One late afternoon while riding uphill on a bicycle toward Briery Knob Road – I came upon a tall panther style cat – skinny physique, long tail, pale gold. I’m not sure if this was the same cat I saw before. This cat ran away from me up the road and into a cluster of tall trees across from the Carrie Morrison farm. It climbed way up and fast disappeared silent as a wisp. There was just enough daylight to look around where it crossed the snow pads leaving unmistakeable gingko shape paw prints — dug in and dainty – pure economy of traction-to-weight ratio.

Now I began to compare notes with all my friends and neighbors on “did ya ever see a big cat?”

Bobcat sightings in all seasons is quite common— but to see a panther, if ever, is rare indeed.

Brad Cox told me he saw a big panther-type cat stalk him hunting over near Droop Mountain some years back and he believed it to be dark in color. Kenneth Boggs told me a big cat ate his lambs, and Craig Carroll said once a thirsty Cougar drank some beers he left out.

Just around this time Outdoor Magazine had a feature article titled “Phantom Cats of the Northeast,” offering evidence to confirm cat sightings and habitats along mountainous and wooded areas – even in marshlands along coastal plains and near big cities. Their range is widely known throughout the continent.

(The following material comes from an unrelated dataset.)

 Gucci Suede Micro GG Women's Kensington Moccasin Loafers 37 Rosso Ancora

Fast forward to a late summer afternoon, I was riding a bicycle toward Jacox near Johnnie and Madeline Hill’s house when I saw a big golden cat in the far end of the hayfield to my left. I stopped and silently took cover behind an overgrown fence line. It didn’t see me. It was grooming itself over a groundhog hole. I stepped off the seat and stood motionless straddling my bike watching this wild cat! For almost a half hour I watched and watched alone until a bug bite made me scratch my left elbow. That did it. I was seen. The panther didn’t look up, it just stood up and looked away from my direction, revealing a full side view of its golden girth.

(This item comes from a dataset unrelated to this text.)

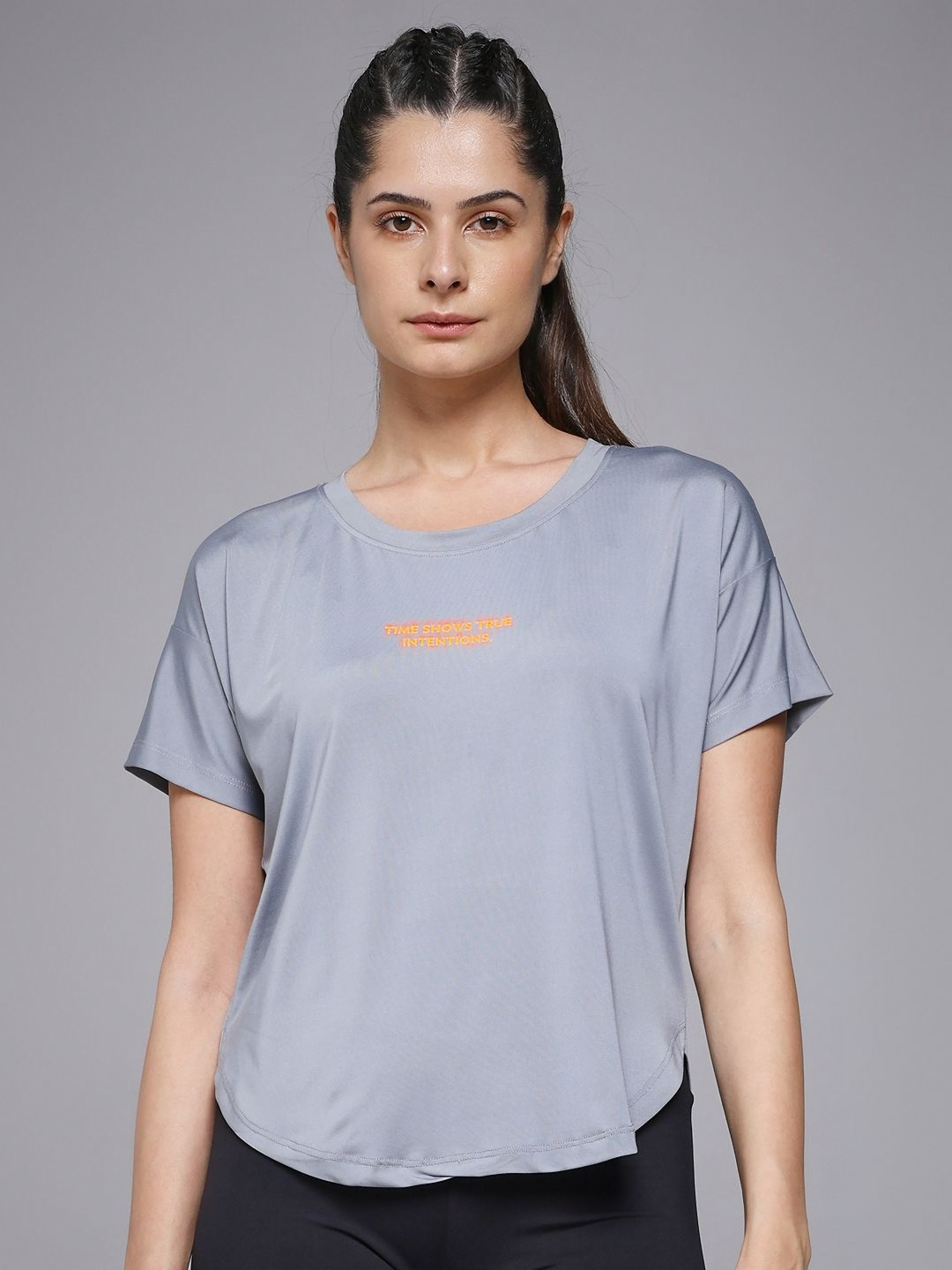 MKH Women Typography Printed Dri-FIT Relaxed Fit MKHWT-13065 Sports T-shirt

This cat with a head close to the size of a basketball and a tail more than three feet long silently disappeared over the hill and out of sight never to be seen by me again.

Immediately I rode over to the Hill house and rang the bell. Johnnie came to the door and the aroma of dinner wafted outside. Perhaps that’s what drew the big cat to the neighborhood. I reported to Johnnie, “I just saw a big gold panther behind your mailbox in the hayfield.”

Johnnie replied, “I’ll have to tell Madeline we have a lion!”